# New Document Type Checklist

Use this when adding or materially changing a supported `docvalidator` document type.

## Source Of Truth

Start from target repo docs:

- `AGENTS.md`
- `_documentation/guida_sviluppo_nuovo_tipo_documento.md`
- existing code for `DURC` and `DOCUMENTO_IDENTITA`

Do not treat a new document as classification-only. It must be a full pipeline extension.

## Runtime Pipeline

Expected flow:

1. `pdf_extraction.extract_text_with_metadata()` extracts text and OCR metadata.
2. `classification.predict_doc_type()` compares text with `REFERENCE_TEXTS`.
3. `field_extraction.extract_fields_with_diagnostics()` routes to a specific parser.
4. `reliability.assess_document_reliability()` scores quality and cross-cutting warnings.
5. `rules.apply_rules()` applies business rules and aggregates status.
6. `messaging.generate_message()` builds Italian user message.
7. API/CLI expose type, fields, status, diagnostics, and metadata.

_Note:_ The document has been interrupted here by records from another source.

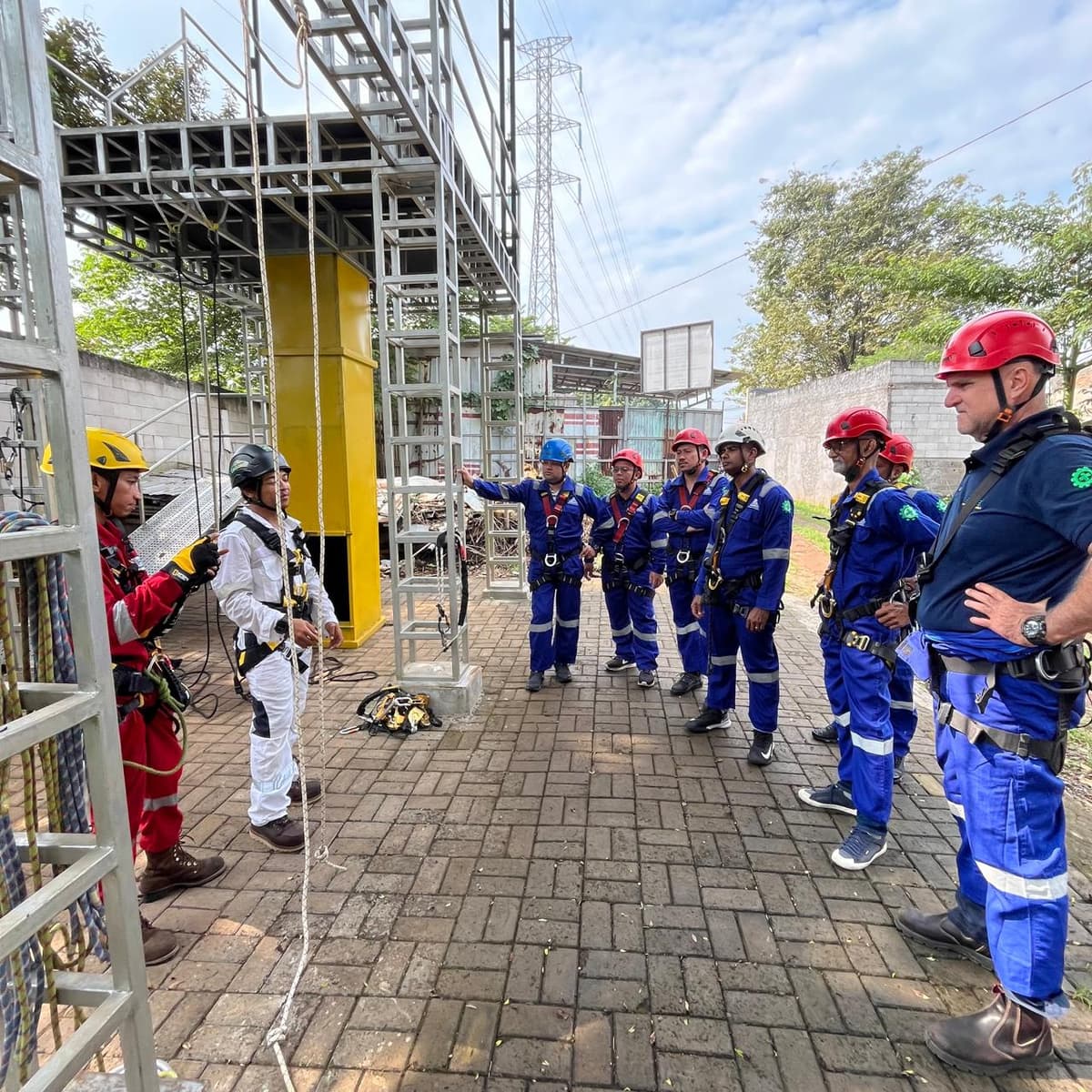 Training Working At Height (WAH) Tenaga Kerja Pada Ketinggian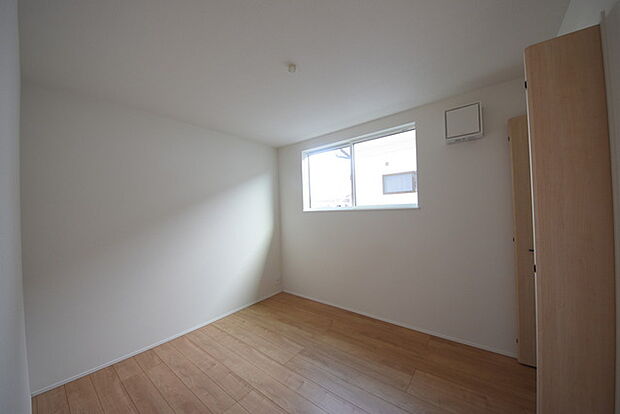 今からここを誰のお部屋にしようか、そんな洋室。大きさは5.25帖です。2階の中央の部屋。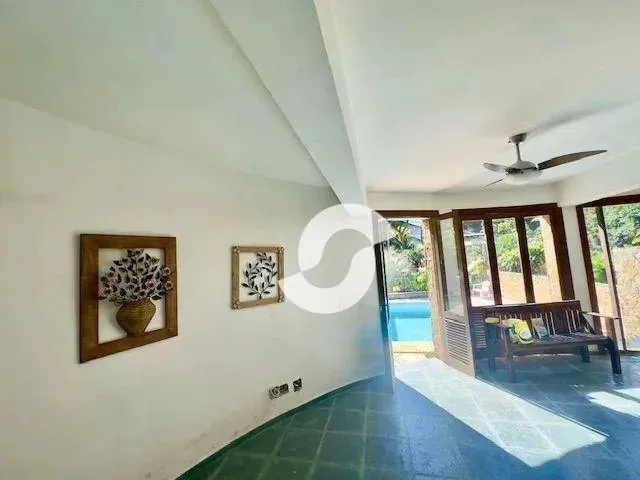 Imagem 7: Casa com 4 Dormitórios À Venda, 600 M² por R$ 1.680.000,00 - Piratininga - Niterói/Rj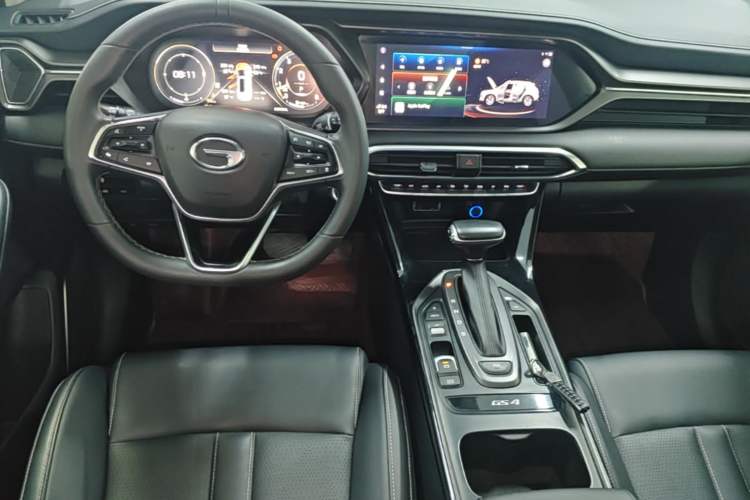 Used GAC Trumpchi GS4 2022 270T Automatic Smart Drive Technology Edition Center Console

## Required Implementation Surface

- Add `DOC_TYPE_<NAME> = "CODE"` in `src/docvalidator/config.py`.
- Add 3-5 rich, document-specific reference strings to `REFERENCE_TEXTS`.
- Create `src/docvalidator/field_extraction/<name>.py`.
- Export both:

```python
def extract_<name>_fields(text: str) -> dict[str, object]:
    fields, _ = extract_<name>_fields_with_diagnostics(text)
    return fields


def extract_<name>_fields_with_diagnostics(
    text: str,
) -> tuple[dict[str, object], dict[str, dict[str, object]]]:
    ...
```

- Register the parser in `src/docvalidator/field_extraction/__init__.py`.
- Add rules in `src/docvalidator/rules.py`.
- Extend mandatory fields and cross-cutting signals in `src/docvalidator/reliability.py`.
- Expose the type in `src/docvalidator/api/catalog.py`.
- Update API schema/validate handling if enum or examples are static.
- Update CLI choices and info output.
- Update public docs and tests in the same change.

## Design Before Coding

Define:

- stable internal document code;
- classification markers from real headings, labels, issuer names, and domain terms;
- extracted field names and value formats;
- mandatory vs optional fields;
- KO conditions;
- WARNING conditions;
- expiry/date-order rules;
- context inputs needed from caller;
- clean and OCR-noisy fixtures;
- whether real PDFs can be used without sensitive data.

## Rule Semantics

Use stable issue objects:

```python
{
    "code": "UPPER_SNAKE_CASE",
    "severity": "WARNING",
    "field": "field_name",
    "message_machine": "Messaggio tecnico in italiano.",
}
```

Practical rule:

- `KO`: document is unacceptable, invalid, expired, or missing required fields.
- `WARNING`: readable but weak, conflicting, near expiry, or requiring manual check.
- `OK`: no blocking issue and no warning.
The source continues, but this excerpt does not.